The crowd listens during a Searchlight Town Hall Meeting about a proposed wind energy project at the Searchlight Community Center Thursday, June 25, 2009.

Searchlight Town Hall meeting

Longtime Searchlight resident Sabra Shawn speaks against the wind energy project during a Searchlight Town Hall Meeting at the Searchlight Community Center Thursday, June 25, 2009. Launch slideshow »


SEARCHLIGHT — Duke Energy representative Robert Charlebois began Thursday afternoon’s public meeting on the company’s plans to build a large wind farm here by trying to make clear to residents that he had learned from earlier rejections.

“I remember the first meeting walking out with the unambiguous understanding that our original proposal was completely unacceptable to the town,” Charlebois said of a meeting in January on the wind project. “We went back to the drawing board.”

If Charlebois had hoped to win over residents’ support with a new plan, it didn’t work out that way.

In a nearly unanimous chorus, Searchlight residents came out loudly against the latest iteration of a planned wind project near their town at a community meeting held in the town’s community center and museum hall.

“I think little Searchlight is being thrown under the bus,” said Judy Bundorf, a part-time Searchlight resident and the first of many at the meeting to speak out against the wind farm.

Duke Energy wants to develop up to 370 megawatts of wind energy in the area, through 140 wind turbine generators that each stand about 400 feet tall.

Residents said they were concerned the plans would negatively impact wildlife and affect their views, and several in the crowd were skeptical that renewable energy could be cost-effective.

The public meeting was held as part of the process from the Bureau of Land Management to review the application to impact 600 acres — 200 permanently — of federal desert land near the town of 800 about 60 miles south of Las Vegas.

Clark County Commissioner Steve Sisolak, who said he favors the project, led the proceedings.

About 65 people attended the meeting, and over the course of two hours, a good portion spoke out against the project.

“I moved to Searchlight because I love birds,” said Robert Shawn, who said he recently watched a bald eagle fly near his Yucca plants. “Do we need to ruin their home?

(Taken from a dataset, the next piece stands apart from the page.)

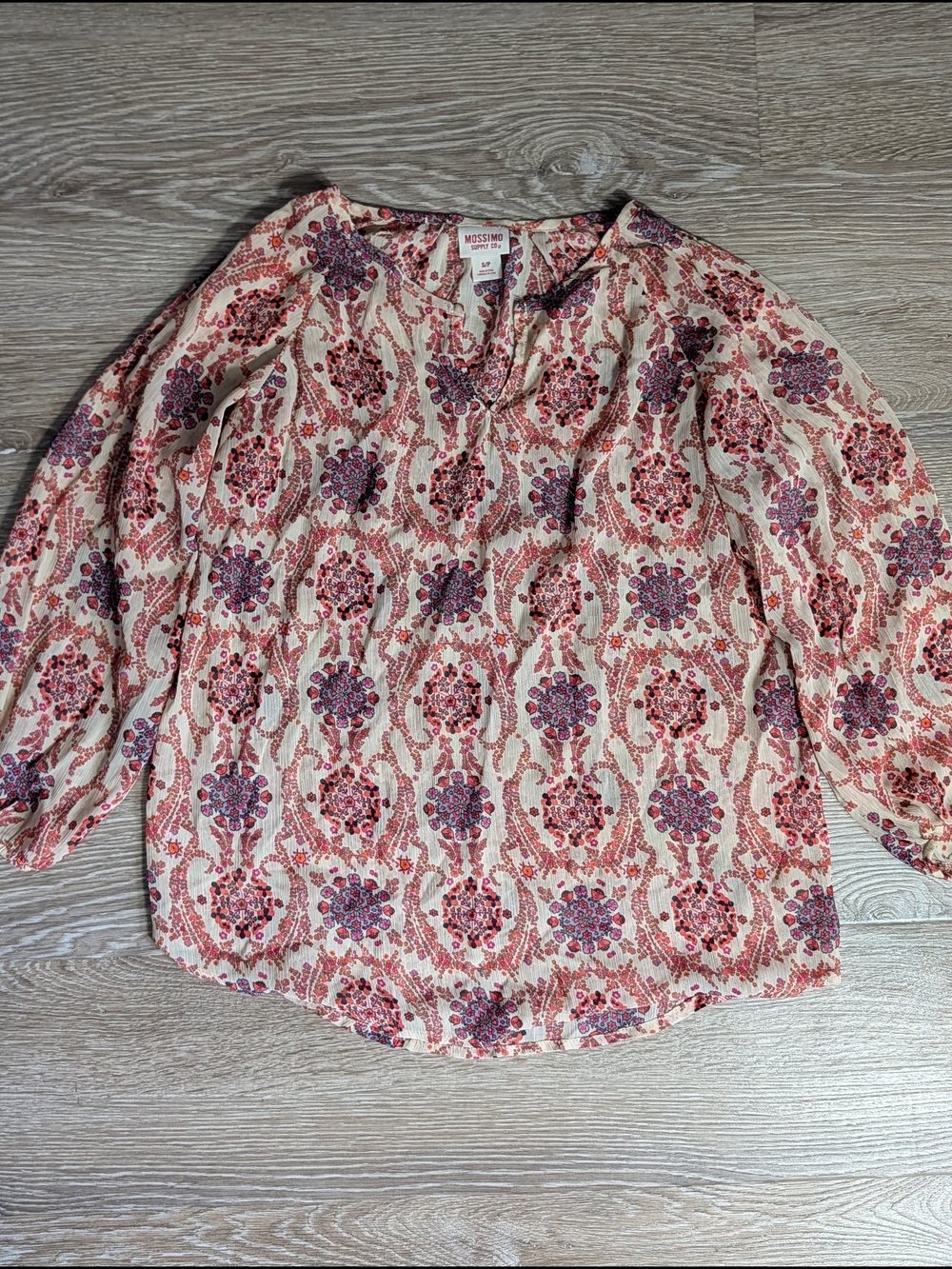 Mossimo Sheer Floral Blouse Cream with Red & Purple Print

Their home is in Searchlight. There’s the whole entire state. I know it’s pretty windy everywhere you go.”

Representing the company, Charlebois explained that Duke Energy had carefully considered that the land around Searchlight was the most feasible place to construct Southern Nevada’s first wind farm.

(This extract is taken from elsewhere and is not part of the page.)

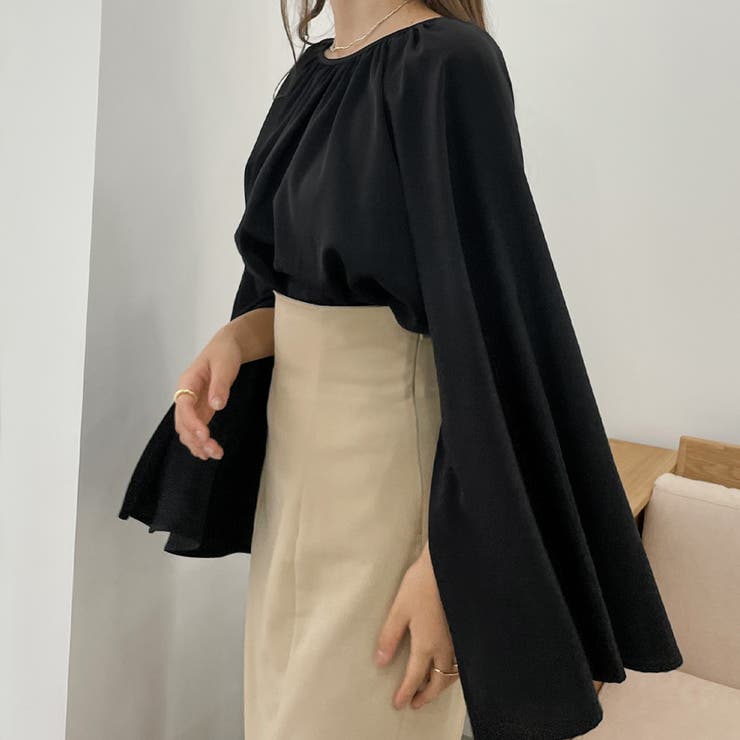 極美品☆アドーア 洗える フレアスリーブ ブラウス ステッチ スリット 黒 38 極美品☆アドーア 洗える フレアスリーブ ブラウス ステッチ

At Thursday’s meeting, Charlebois was joined at the podium by several representatives of the Bureau of Land Management, who assured residents they would carefully review the impact of the wind turbines on desert tortoises, sheep, birds, and other animals and plants before deciding whether to approve the project.

Searchlight’s wind farm presents an early test of renewable energy developments on public lands in Nevada. Many projects are still in the earlier stages of the time-consuming BLM approval process.

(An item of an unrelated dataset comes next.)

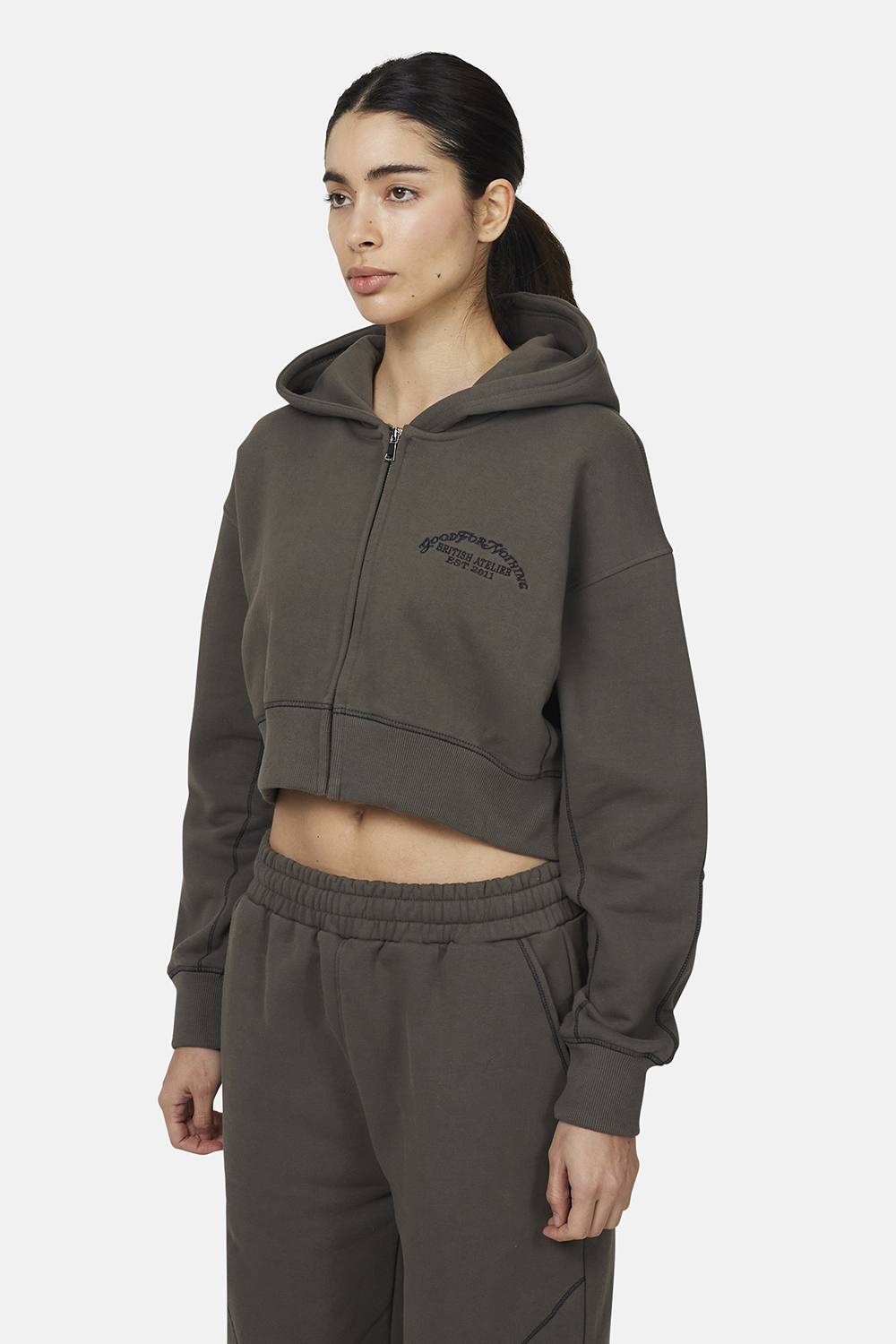 Good For Nothing Cropped Zip Through Hoodie In Grey Good For Nothing Cropped Zip Through Hoodie In Grey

The Obama administration has said that speeding up that process is a top priority because it believes renewable energy developments will help reduce dependence on foreign oil and curb global warming. BLM will not sacrifice careful environmental review of the projects, officials insist.

National and local environmental groups have largely supported sacrificing certain lands for the purpose of slowing climate change, and Nevada Conservation League Executive Director Scot Rutledge represented that view at the meeting Thursday.

Nonetheless, steep hurdles — including concerns about sacrificing desert lands and aesthetics — are likely to persist, particularly among residents who live near the planned projects.

Several meeting participants spoke with fondness of their views of nearby Spirit Mountain, which they said they fear will become adulterated by the tall wind turbines spinning rapidly nearly every day and night.

Charlebois said the company had taken negative comments at an earlier meeting in January into account and was scaling back the project from an initial 180 towers surrounding the town to 140 towers to the east and south of Searchlight. Charlebois said he expects to revise that to reflect plans for even fewer towers soon.

Yet at the meeting, just one Searchlight resident spoke in favor of the project.